(INPUT DATA begins)

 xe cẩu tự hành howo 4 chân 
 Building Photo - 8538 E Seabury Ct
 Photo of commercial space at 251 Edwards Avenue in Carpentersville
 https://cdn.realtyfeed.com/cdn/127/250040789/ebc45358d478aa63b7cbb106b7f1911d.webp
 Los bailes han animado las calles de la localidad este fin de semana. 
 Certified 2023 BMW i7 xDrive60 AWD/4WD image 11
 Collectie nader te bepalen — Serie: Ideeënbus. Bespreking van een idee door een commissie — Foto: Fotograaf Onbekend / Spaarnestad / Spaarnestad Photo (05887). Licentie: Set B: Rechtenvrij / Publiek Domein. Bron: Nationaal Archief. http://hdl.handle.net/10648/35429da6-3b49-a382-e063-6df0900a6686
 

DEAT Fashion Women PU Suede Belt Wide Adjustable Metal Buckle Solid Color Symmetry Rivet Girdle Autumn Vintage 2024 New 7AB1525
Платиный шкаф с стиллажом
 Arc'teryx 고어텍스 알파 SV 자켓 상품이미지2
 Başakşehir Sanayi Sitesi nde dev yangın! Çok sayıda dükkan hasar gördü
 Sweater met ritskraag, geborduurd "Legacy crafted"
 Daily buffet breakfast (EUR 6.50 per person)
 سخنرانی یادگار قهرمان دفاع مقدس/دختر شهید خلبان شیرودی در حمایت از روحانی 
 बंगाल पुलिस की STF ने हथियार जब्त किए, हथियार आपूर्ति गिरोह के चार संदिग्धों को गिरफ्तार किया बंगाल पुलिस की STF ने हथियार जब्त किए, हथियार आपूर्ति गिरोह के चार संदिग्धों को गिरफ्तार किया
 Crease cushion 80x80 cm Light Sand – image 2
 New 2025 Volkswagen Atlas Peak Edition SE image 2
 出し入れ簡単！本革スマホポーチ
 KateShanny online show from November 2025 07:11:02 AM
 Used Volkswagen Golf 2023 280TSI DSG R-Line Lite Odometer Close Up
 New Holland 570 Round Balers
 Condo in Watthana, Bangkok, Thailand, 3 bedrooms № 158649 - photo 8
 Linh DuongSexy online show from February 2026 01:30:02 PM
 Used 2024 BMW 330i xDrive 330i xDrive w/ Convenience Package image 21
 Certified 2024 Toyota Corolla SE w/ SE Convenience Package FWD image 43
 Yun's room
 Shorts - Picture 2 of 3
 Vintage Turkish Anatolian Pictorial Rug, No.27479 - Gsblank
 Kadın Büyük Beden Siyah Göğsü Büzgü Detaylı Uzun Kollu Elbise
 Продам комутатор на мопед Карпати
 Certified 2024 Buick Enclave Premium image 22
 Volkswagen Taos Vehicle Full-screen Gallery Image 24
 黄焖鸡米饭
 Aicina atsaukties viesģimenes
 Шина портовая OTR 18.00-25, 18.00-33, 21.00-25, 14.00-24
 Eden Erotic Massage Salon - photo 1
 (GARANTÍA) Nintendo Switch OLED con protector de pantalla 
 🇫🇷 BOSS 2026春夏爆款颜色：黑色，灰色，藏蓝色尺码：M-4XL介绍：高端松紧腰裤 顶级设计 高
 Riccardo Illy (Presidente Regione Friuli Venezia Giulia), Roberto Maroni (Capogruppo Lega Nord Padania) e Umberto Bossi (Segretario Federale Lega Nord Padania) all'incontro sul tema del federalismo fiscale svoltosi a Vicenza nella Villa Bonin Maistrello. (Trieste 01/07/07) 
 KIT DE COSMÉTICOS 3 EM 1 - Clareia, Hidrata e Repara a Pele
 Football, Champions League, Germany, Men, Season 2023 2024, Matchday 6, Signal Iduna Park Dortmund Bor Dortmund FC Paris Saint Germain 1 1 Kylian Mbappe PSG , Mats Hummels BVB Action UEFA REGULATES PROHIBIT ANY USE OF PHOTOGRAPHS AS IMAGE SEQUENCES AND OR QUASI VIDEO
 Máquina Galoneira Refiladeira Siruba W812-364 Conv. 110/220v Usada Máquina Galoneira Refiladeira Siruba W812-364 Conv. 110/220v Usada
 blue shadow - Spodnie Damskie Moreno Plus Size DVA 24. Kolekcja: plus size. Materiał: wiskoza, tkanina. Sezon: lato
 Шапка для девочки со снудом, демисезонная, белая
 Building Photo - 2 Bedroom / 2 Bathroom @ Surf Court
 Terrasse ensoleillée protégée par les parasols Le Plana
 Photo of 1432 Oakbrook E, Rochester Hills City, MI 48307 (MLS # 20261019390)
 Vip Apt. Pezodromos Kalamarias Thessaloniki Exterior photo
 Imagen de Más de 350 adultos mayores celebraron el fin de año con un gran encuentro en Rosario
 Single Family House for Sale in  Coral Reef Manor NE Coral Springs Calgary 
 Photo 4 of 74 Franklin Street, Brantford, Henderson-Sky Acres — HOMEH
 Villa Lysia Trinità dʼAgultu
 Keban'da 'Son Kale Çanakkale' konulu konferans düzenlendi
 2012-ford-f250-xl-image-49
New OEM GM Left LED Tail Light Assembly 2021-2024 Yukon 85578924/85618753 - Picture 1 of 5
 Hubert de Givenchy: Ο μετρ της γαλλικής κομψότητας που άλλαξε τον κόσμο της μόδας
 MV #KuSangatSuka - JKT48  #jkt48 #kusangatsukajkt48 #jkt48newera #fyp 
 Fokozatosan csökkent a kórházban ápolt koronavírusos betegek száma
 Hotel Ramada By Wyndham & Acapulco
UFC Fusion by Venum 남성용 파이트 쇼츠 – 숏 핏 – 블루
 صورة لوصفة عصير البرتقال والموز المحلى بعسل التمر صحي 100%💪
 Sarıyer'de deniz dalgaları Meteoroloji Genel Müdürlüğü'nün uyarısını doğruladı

(INPUT DATA ends)

ABOUT THIS TASK >> Return exactly, and only, the lines above starting at the line that contains "Building Photo - 8538 E Seabury Ct" and ending at the line that contains "Certified 2023 BMW".

REPLY TO THE TASK >>
 Building Photo - 8538 E Seabury Ct
 Photo of commercial space at 251 Edwards Avenue in Carpentersville
 https://cdn.realtyfeed.com/cdn/127/250040789/ebc45358d478aa63b7cbb106b7f1911d.webp
 Los bailes han animado las calles de la localidad este fin de semana. 
 Certified 2023 BMW i7 xDrive60 AWD/4WD image 11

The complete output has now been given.